• **Raw data**:
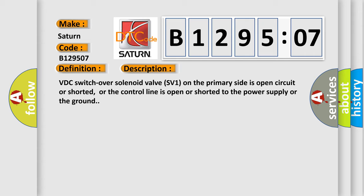VDC switch over solenoid valve SV1 on the primary side is open circuit or shorted, or the control line is open or shorted to the power supply or the ground.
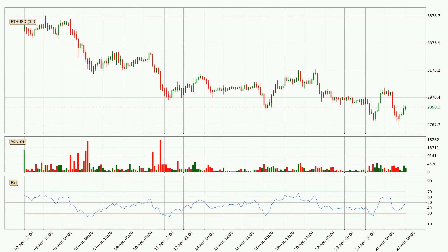Moving to the three-hourly relative strength index, the current three-hourly RSI is at 47, so there are currently no signs of the crypto being overbought or oversold.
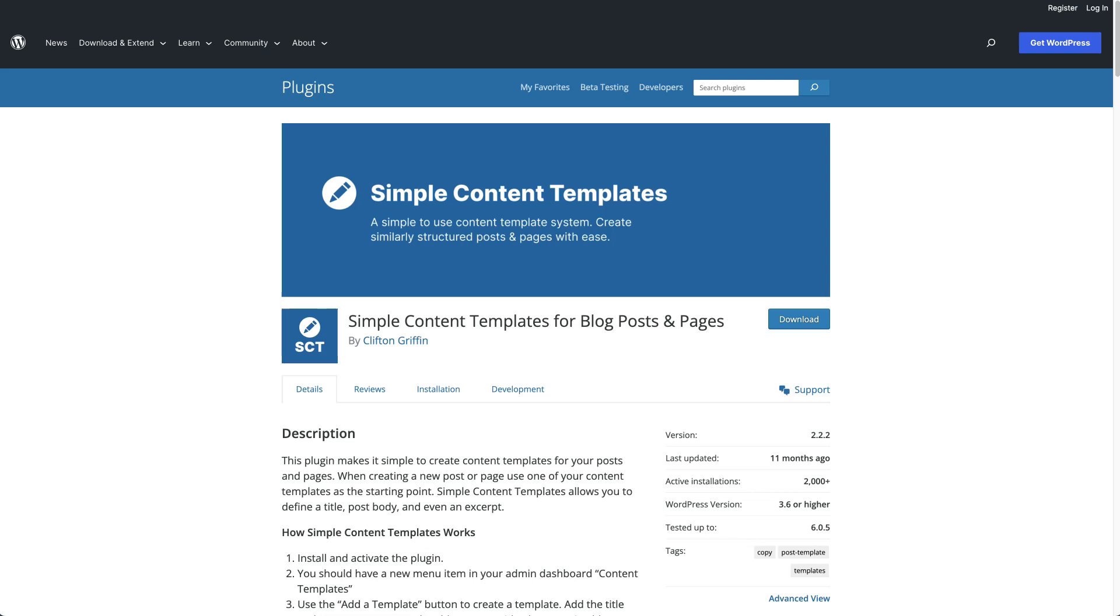Hello there friend, this is Eldon and I'm going to give you a quick overview of Simple Content Templates and how it works on your WordPress site.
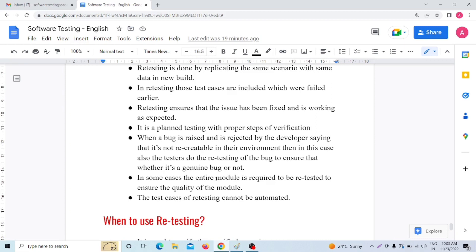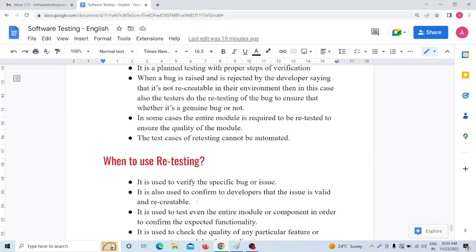In some cases the entire module is required to be retested to ensure the quality of the module. Sometimes, for quality purposes, the test engineer will retest the entire module. The next important point: the test cases of retesting cannot be automated. Make sure and remember — whenever you do retesting, automation will not happen. We cannot do any type of automation on retesting test cases. This is the most important thing to know.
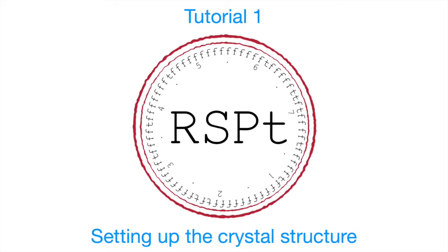Hi everyone and welcome to this tutorial on RSPT calculations. RSPT is a full potential LMTO based code for electronic structure calculations. In this video I'll show you how to set up a crystal structure in RSPT and initialize your calculation.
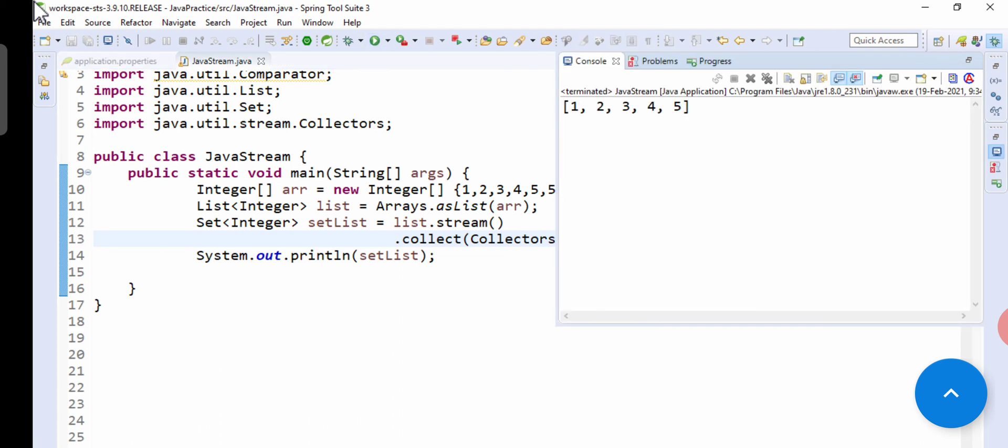So if you see, five got removed because we have used Set and Set doesn't allow duplicates. So in this way you can remove the duplicates from stream of input.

• **The task**: Pictures are not part of the copy; retype all the other material exactly.

• **Expected answer**:
VDC switch over solenoid valve SV1 on the primary side is open circuit or shorted, or the control line is open or shorted to the power supply or the ground.
Moving to the three-hourly relative strength index, the current three-hourly RSI is at 47, so there are currently no signs of the crypto being overbought or oversold.
Hello there friend, this is Eldon and I'm going to give you a quick overview of Simple Content Templates and how it works on your WordPress site.
In some cases the entire module is required to be retested to ensure the quality of the module. Sometimes, for quality purposes, the test engineer will retest the entire module. The next important point: the test cases of retesting cannot be automated. Make sure and remember — whenever you do retesting, automation will not happen. We cannot do any type of automation on retesting test cases. This is the most important thing to know.
Hi everyone and welcome to this tutorial on RSPT calculations. RSPT is a full potential LMTO based code for electronic structure calculations. In this video I'll show you how to set up a crystal structure in RSPT and initialize your calculation.
So if you see, five got removed because we have used Set and Set doesn't allow duplicates. So in this way you can remove the duplicates from stream of input.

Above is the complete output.